Easing the Pain of Transplant: Alex’s Story

Alex

“I begged for Megan to come in every day,” Alex told us, with his sister Kirsten and mother Nancy nearby.

While most of his friends are headed off to college, Alex is fighting his latest post-stem cell transplant symptom: a knocked-down immune system and painful shingles that spread over his back, abdomen, head, face and mouth — one of the worst cases his care team has ever seen. An 18-year-old non-Hodgkin lymphoma survivor, Alex has had to overcome many other complications.

He almost lost his life last fall after the transplant, leaving his family terrified. “I don’t think we were ever prepared for what we went through,” said Kirsten. First diagnosed with cancer in October 2014, Alex has relapsed twice with two different types of non-Hodgkin lymphoma and has contracted graft-versus-host disease. With that came a slew of painful and exhausting symptoms — so much so that he doesn’t remember whole chapters of his recovery process and relies on his sister, Kirsten, for the chronological details.

On the bone and marrow transplant floor, Alex met Megan Voss and Greta Yates, MA, MT-BC and a music therapist. Alex said integrative therapies have been a huge help in managing his pain and neuropathy.

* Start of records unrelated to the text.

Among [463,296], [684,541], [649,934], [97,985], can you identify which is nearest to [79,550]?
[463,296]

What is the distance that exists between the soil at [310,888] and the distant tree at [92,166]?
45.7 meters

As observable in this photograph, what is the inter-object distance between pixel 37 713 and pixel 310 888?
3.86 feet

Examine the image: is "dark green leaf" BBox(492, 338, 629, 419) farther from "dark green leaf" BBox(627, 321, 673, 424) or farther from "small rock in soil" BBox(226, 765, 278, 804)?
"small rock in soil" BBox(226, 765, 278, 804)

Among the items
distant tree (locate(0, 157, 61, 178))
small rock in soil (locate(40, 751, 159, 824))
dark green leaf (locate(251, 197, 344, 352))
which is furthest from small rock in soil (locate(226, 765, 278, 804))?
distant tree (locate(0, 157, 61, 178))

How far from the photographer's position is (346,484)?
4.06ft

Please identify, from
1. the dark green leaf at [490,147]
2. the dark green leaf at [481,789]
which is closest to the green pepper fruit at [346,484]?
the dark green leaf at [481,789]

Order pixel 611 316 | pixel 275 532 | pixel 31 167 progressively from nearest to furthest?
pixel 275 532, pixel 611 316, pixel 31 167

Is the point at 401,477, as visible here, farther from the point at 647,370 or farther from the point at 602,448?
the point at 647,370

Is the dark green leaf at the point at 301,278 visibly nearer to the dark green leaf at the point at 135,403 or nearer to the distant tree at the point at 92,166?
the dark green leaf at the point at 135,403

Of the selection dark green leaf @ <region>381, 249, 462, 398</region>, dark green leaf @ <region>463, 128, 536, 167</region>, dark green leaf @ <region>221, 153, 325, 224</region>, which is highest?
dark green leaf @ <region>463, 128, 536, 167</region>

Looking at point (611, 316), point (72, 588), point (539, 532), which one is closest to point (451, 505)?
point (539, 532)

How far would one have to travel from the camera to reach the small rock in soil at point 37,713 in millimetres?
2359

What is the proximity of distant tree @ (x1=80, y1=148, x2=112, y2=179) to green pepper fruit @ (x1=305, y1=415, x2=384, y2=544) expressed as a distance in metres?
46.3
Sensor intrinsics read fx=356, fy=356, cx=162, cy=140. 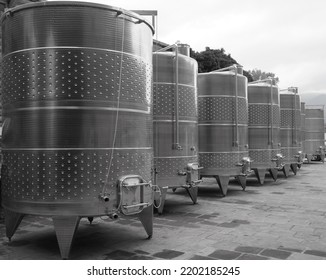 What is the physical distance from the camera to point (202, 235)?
604 cm

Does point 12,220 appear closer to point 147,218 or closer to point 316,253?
point 147,218

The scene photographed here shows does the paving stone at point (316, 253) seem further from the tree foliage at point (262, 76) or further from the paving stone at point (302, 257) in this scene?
the tree foliage at point (262, 76)

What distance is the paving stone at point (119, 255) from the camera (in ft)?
16.0

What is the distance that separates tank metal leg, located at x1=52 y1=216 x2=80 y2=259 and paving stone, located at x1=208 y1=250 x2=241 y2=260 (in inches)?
75.4

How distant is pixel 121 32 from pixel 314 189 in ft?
30.7

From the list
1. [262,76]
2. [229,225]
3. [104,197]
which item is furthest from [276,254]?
[262,76]

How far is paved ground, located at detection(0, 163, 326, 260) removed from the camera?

“My hands and feet would just sting. With [Megan], it would hurt much less,” Alex said. She would massage his hands and feet with essential oils, helping him manage the stinging in his feet. She also taught him how to use Epsom salt in his baths to help with bone achiness. “I live in the bathtub with Epsom salt,” Alex said. “I do it every day, sometimes two or three times a day.” Once, Nancy found Alex asleep and snoring in the bathtub because he was so relaxed. “We have 15.5-gallon containers in the garage full of Epsom now,” said Nancy. The baths also help Alex manage the pain from the shingles.

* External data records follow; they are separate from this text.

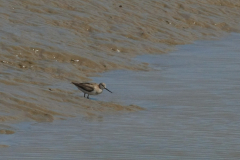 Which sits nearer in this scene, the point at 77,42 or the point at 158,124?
the point at 158,124

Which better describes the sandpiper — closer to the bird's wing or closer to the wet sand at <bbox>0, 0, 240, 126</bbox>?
the bird's wing

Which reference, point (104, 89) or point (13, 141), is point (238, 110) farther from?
point (13, 141)

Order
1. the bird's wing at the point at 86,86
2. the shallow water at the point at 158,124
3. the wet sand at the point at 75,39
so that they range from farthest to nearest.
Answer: the bird's wing at the point at 86,86 → the wet sand at the point at 75,39 → the shallow water at the point at 158,124

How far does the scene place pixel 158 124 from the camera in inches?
465

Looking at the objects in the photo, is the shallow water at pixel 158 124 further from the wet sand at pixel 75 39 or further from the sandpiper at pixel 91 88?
the wet sand at pixel 75 39

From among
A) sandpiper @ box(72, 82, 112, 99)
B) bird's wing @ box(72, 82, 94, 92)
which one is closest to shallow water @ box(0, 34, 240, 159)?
sandpiper @ box(72, 82, 112, 99)

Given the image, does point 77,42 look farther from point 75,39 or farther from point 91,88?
point 91,88

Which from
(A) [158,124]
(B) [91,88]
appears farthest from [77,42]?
(A) [158,124]

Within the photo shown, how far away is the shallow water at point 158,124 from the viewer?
10.1 m

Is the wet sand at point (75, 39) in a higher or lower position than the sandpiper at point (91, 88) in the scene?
higher

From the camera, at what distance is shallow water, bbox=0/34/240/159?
33.1 ft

Additionally, Voss showed Alex how to use essential oils on his joints — a technique that came in handy when he was learning how to walk again post-transplant. His joints would lock painfully, and the oils would help ease the discomfort.

This school year, Alex is continuing chemotherapy and is on steroids to fight graft-versus-host disease.

He has three classes left before graduation and will be Skyping into the classroom for his lessons. What he misses most is being with his friends and being included when his friends go out. “My friends say, ‘Oh, I didn’t think you could go do that,’ after they do it,” says Alex. For a guy who loves fishing, hunting and anything outdoors, this has been especially difficult.

“I admire his strength,” said Kirsten. “He’s never had a pity party or used the cancer card. He’s been through hell, and I’m just really grateful he’s here.”

For Alex, integrative therapy was vital to his healing. Voss and the integrative therapy team have seen many successes in healing like what Alex experienced, especially on the blood and marrow transplant floor.

Next, the integrative therapy team is initiating studies that demonstrate the efficacy of integrative therapies.

“The more the practitioner explores this side of medicine, the better a doctor, nurse, social worker, pharmacist or any other kind of provider you will become,” said John Wagner, MD, of the University of Minnesota Masonic Children’s Hospital and Children’s Cancer Research Fund Co-Chief Medical Advisor.